If the data is not present (a buffer miss), the DBMS loads the required data block from disk into the buffer pool.

When a query involves inserting or modifying data, the following sequence takes place,

Write-Ahead Logging (WAL). Before making any changes to the actual data pages, the DBMS first records the intended changes into a transaction log (also called a write-ahead log). This ensures durability, so that in case of a system crash, the changes can be recovered using the log.
Modifying in-memory (buffered) pages. Once the log is safely written, the actual data modifications happen in the buffer pool pages (in-memory).
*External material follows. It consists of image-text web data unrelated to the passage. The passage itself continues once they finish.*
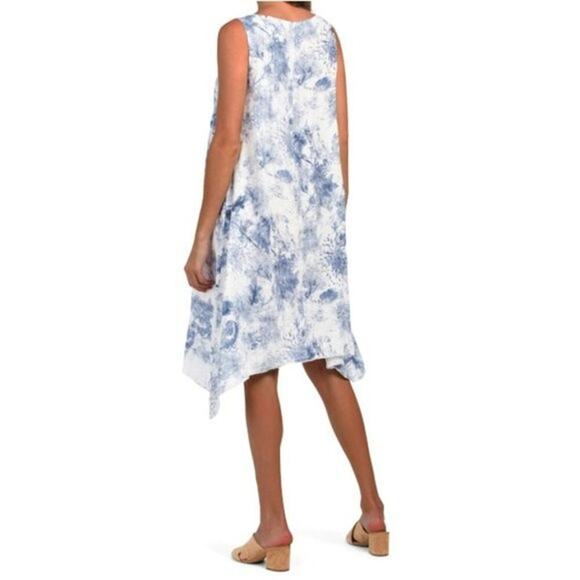New Valentina Naldi Made In Italy Linen Floral Print Sharkbite Hem Midi Dress - Picture 2 of 6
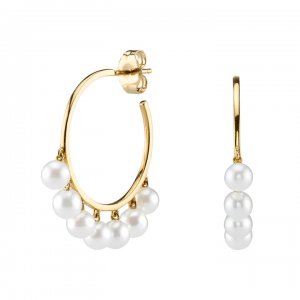 Gold & Pearl Medium Hoops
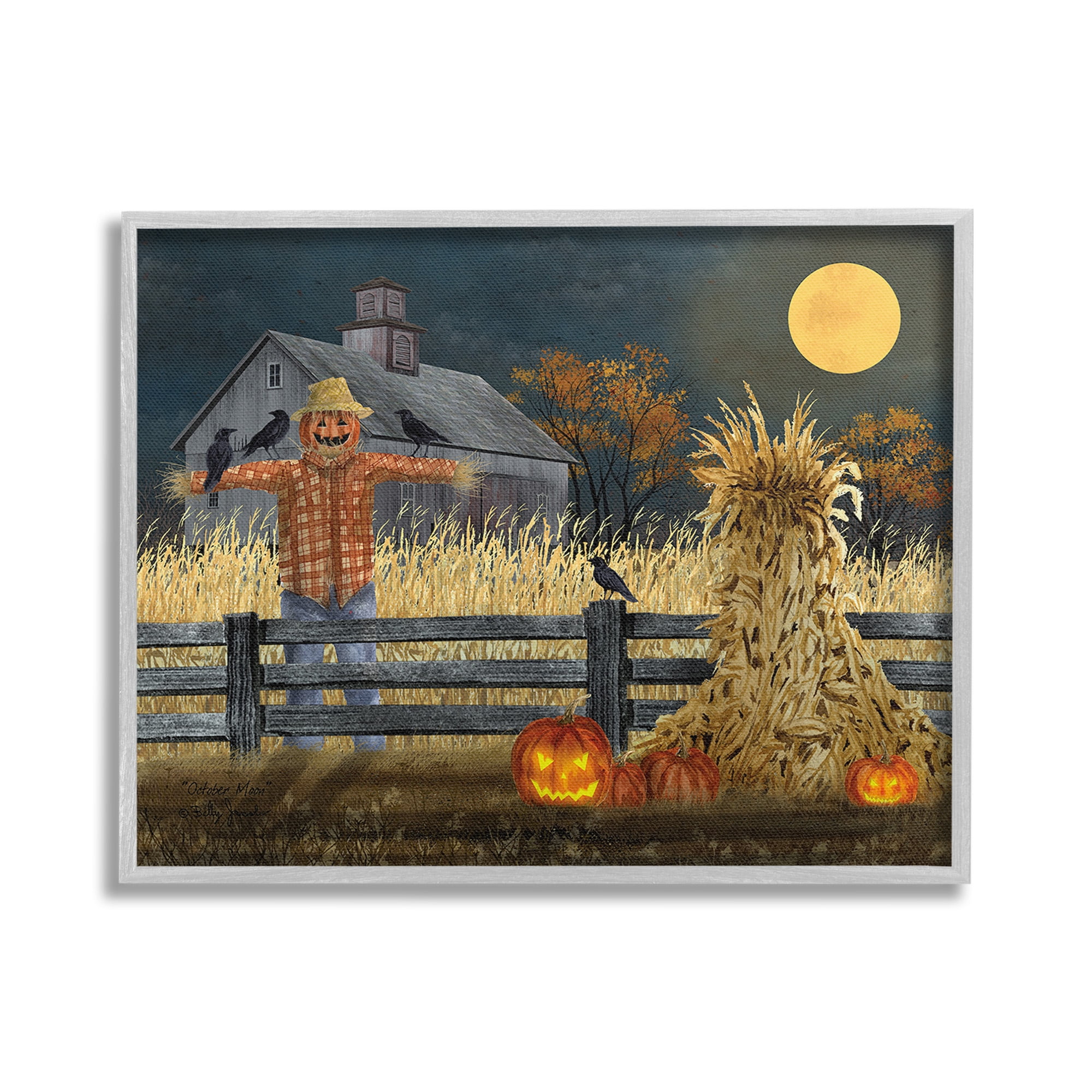 Stupell Industries Scarecrow Farm Landscape Holiday Painting Gray Framed Art Print Wall Art, 30 x 24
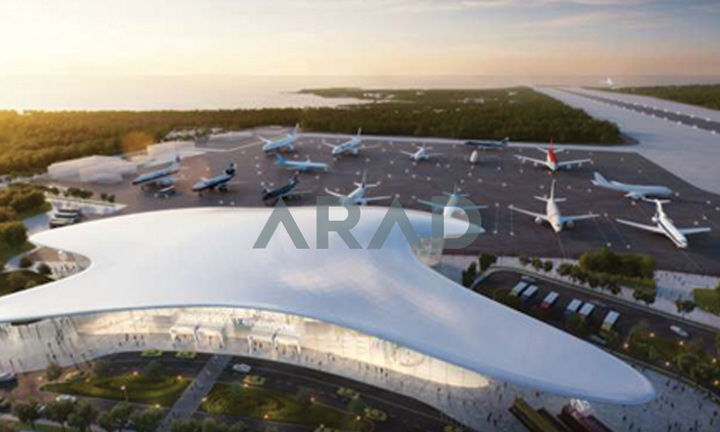 طراحی-نمای-فرودگاه کشیده با سقف خاص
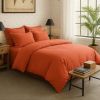 Housse de couette 240x260 cm Percale de Coton Lavé Terre De Sienne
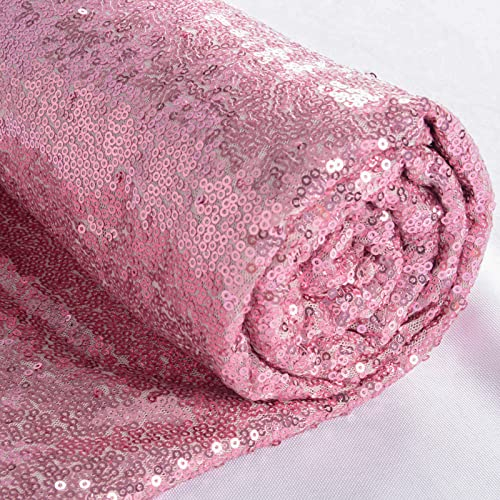 ShinyBeauty 92 CM Rosa Gold Schimmer Pailletten Stoff Gitter Pailletten Material für Pailletten Foto Booth Hintergrund Fuchsia Pink Vorhangstoff Pailletten Tischdecke Pailletten Tischläufer Schneidere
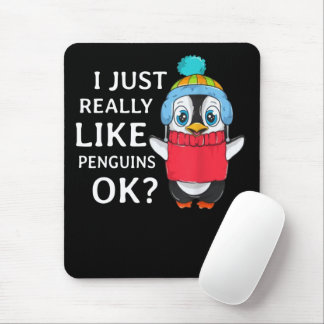 Mousepad Eu gosto muito de pinguins, ok?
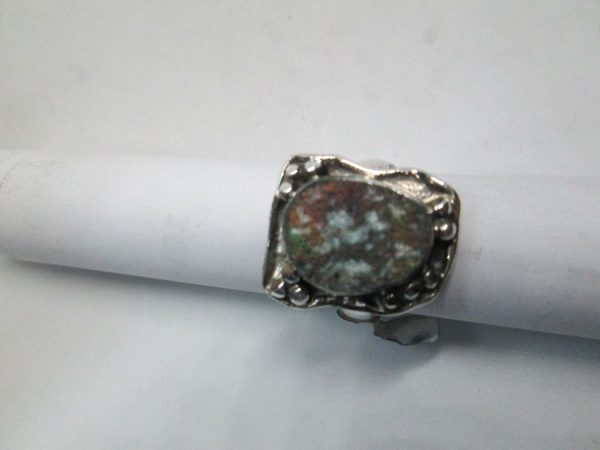 Handmade abstract style sterling  silver abstract Roman glass ring set with a genuine antique Roman glass found in the holyland Israel.
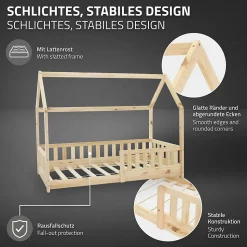 Lit d'enfant ML-Design 160x80cm naturel en bois de pin avec toit et sommier protection contre chutes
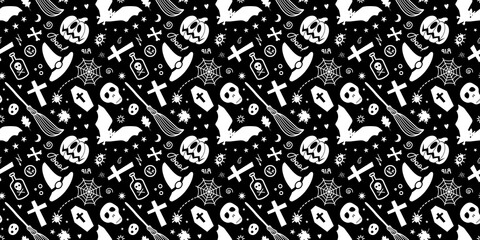 Halloween traditional spooky items isolated on black background.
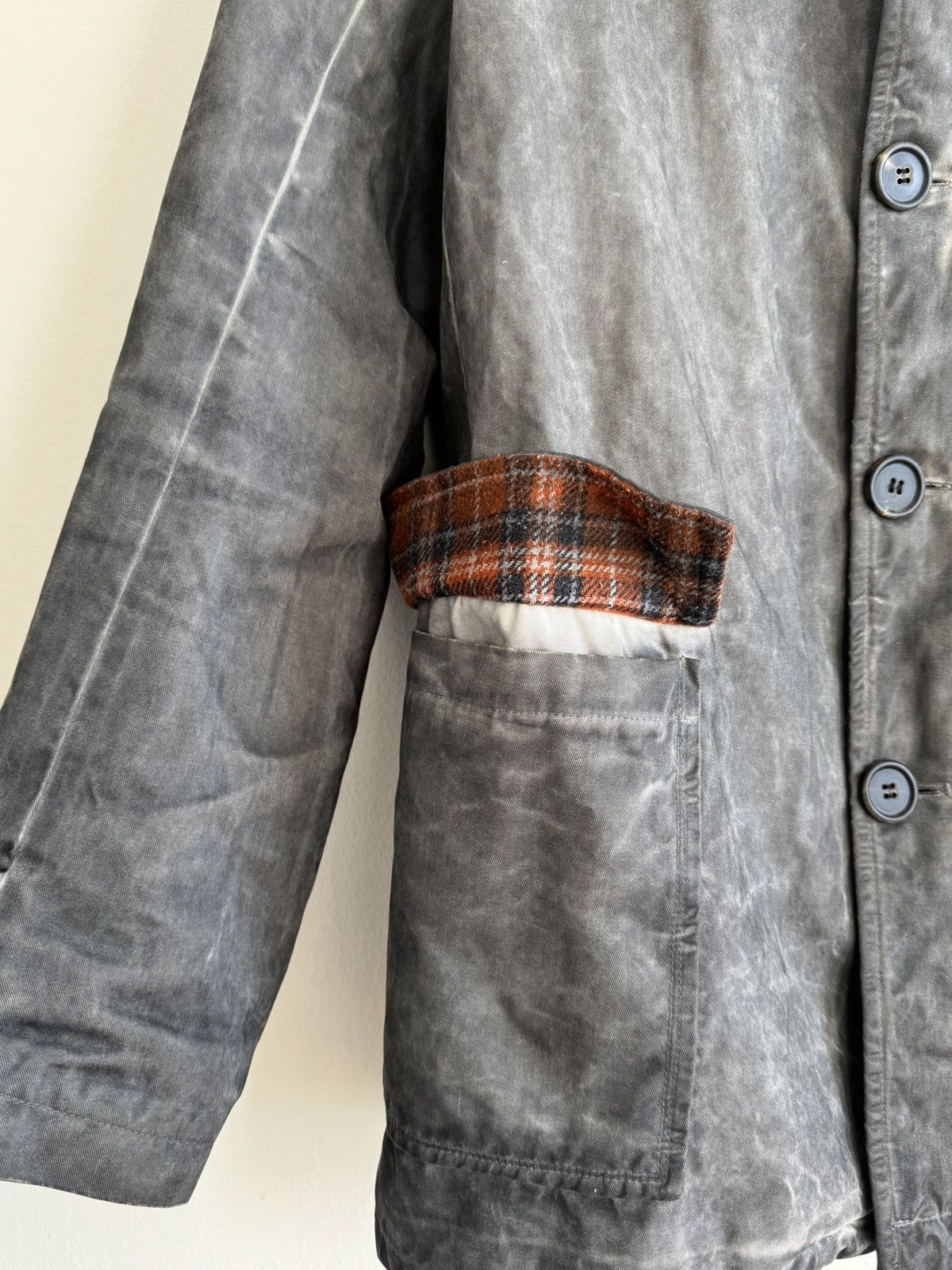 Our Legacy × Vintage Liquid Garment-Dye Natural Faded Workwear Jacket Lined Italy Size US M / EU 48-50 / 2 - 6 Thumbnail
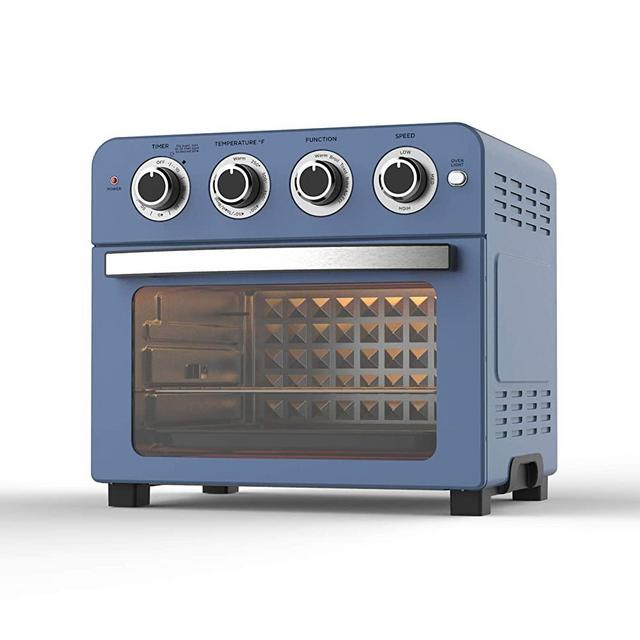 Air Fryer Convection Toaster Oven Combo 24QT Airfryer Countertop Auto Shut-Off, 60 Min Timer, Roast, Bake, Broil, Reheat, Fry Oil-Free, Nonstick Interior, Easy to Clean, Cooking Accessories Included, Stainless Steel , Blue, 1700W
At this point, the affected pages are marked as dirty pages, meaning they have been changed in memory but the changes haven't yet been written to disk.
Flushing dirty pages to disk.The DBMS doesn't immediately write these dirty pages back to disk for every change (remember bulk writes, they minimise disk I/O overhead). Instead, it follows a write-back policy, where modified pages are periodically flushed to disk, either,
- when there’s memory pressure (maybe because buffer is almost full),
- during a checkpoint operation,
- or after a certain time or number of transactions.

This entire mechanism ensures a balance between performance (through in-memory operations) and reliability (through write-ahead logging and controlled disk writes).

Note: WAL are also periodically flushed into some persistent storage. So that if the system crashes before the dirty page is flushed to disk. The WAL is used to redo the operations. The recovery process scans the WAL and reapplies committed updates that weren’t flushed.

There is another cool thing called deferred writes, where in case, same data is being updated multiple times, all these updates will still be written in transaction log and then in buffer pool. However, even with multiple updates happen on the same page, only the final version is written to disk.

Now, another things is RAM is limited, and we cannot just keep on adding pages to buffer memory, we also need to flush them, and for this, DBMS use replacement policies like Least-Recently-Used, Least-Frequently-Used, Clock algorithm (removing pages in circular (similar to LRU)).

Before we move, i want to mention, just another nuance for OS-Geeks, when we query a database engine, it first check if the required data page is already in the buffer pool (RAM). If yes, the it fetches the data from the memory, if not, then it requests the file (in which the page is present) from the operating system’s file system. The operating system then, checks if the file system cache (operating system pagecache) has the data. If yes, it returns the data to the database (faster than disk I/O). If no, it loads the file from disk causing disk I/O.

Now lets move on to caching, caching is very similar to buffering, but when we talk about caching in DBMS, we are more interested in optimising read operations. Caching can happen at multiple levels, disk cache (operation-system caching of disk data), DBMS cache (DBMS maintains its own cache for frequently accessed data, i.e. buffering) and application cache (Some applications use external caches (like Redis) to store frequently accessed data).

Thats it! we are done for today! Bye Bye!